- **Material for the task**:
##########

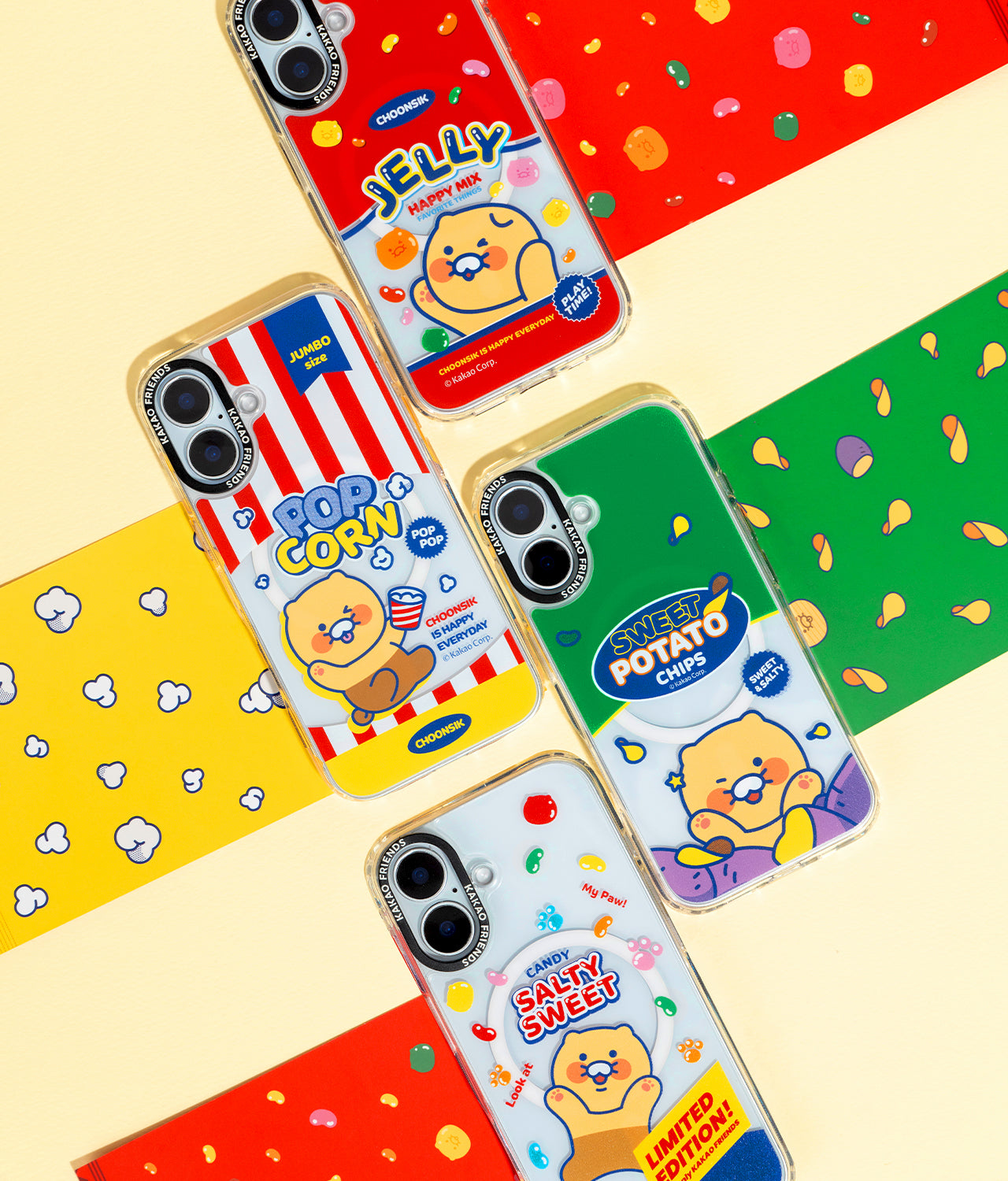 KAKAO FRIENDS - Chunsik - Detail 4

##########

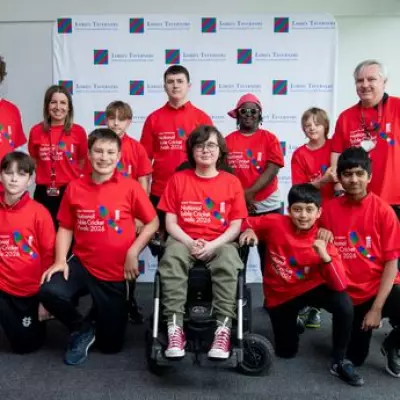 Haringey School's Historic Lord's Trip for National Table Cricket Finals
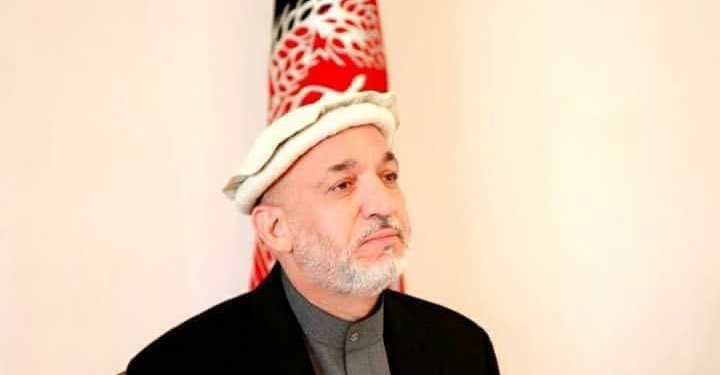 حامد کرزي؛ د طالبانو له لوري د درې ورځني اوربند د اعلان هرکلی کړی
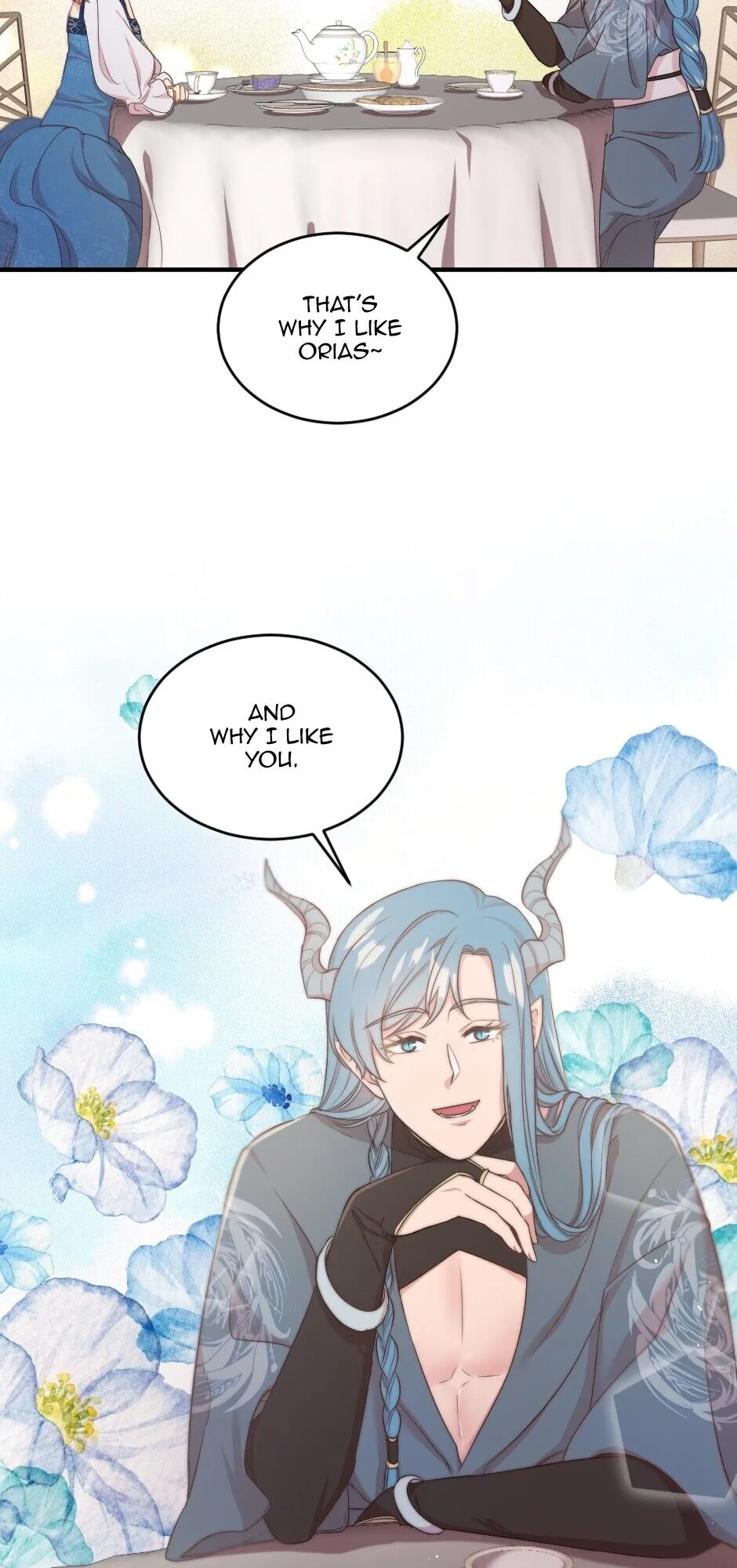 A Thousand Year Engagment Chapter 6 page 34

##########

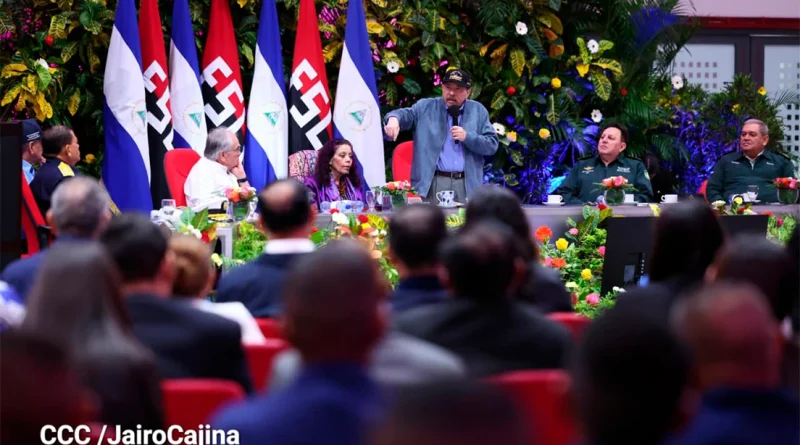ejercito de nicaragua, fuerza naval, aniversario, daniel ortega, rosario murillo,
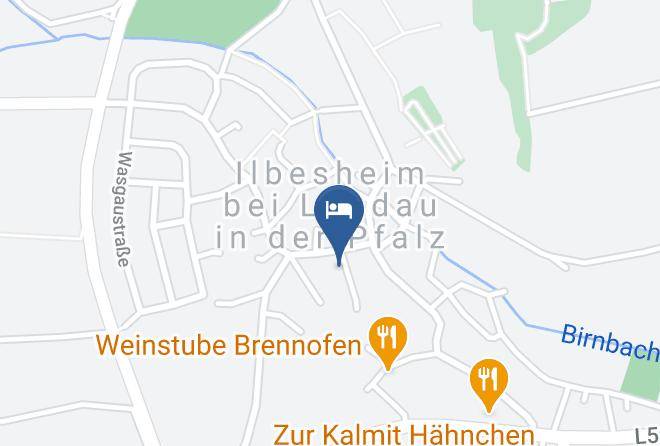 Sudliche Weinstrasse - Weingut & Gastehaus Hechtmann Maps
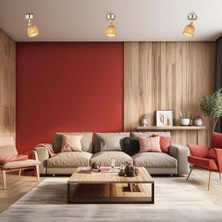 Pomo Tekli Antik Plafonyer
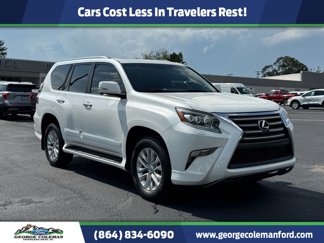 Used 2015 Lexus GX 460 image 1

##########

- **Problem to solve**: From the records above, quote word for word only the lines beginning at the line that has "Sudliche Weinstrasse - Weingut" and stopping after the line that has "Used 2015 Lexus GX 460 image 1". Omit the pictures.

- **Answer**:
 Sudliche Weinstrasse - Weingut & Gastehaus Hechtmann Maps
 Pomo Tekli Antik Plafonyer
 Used 2015 Lexus GX 460 image 1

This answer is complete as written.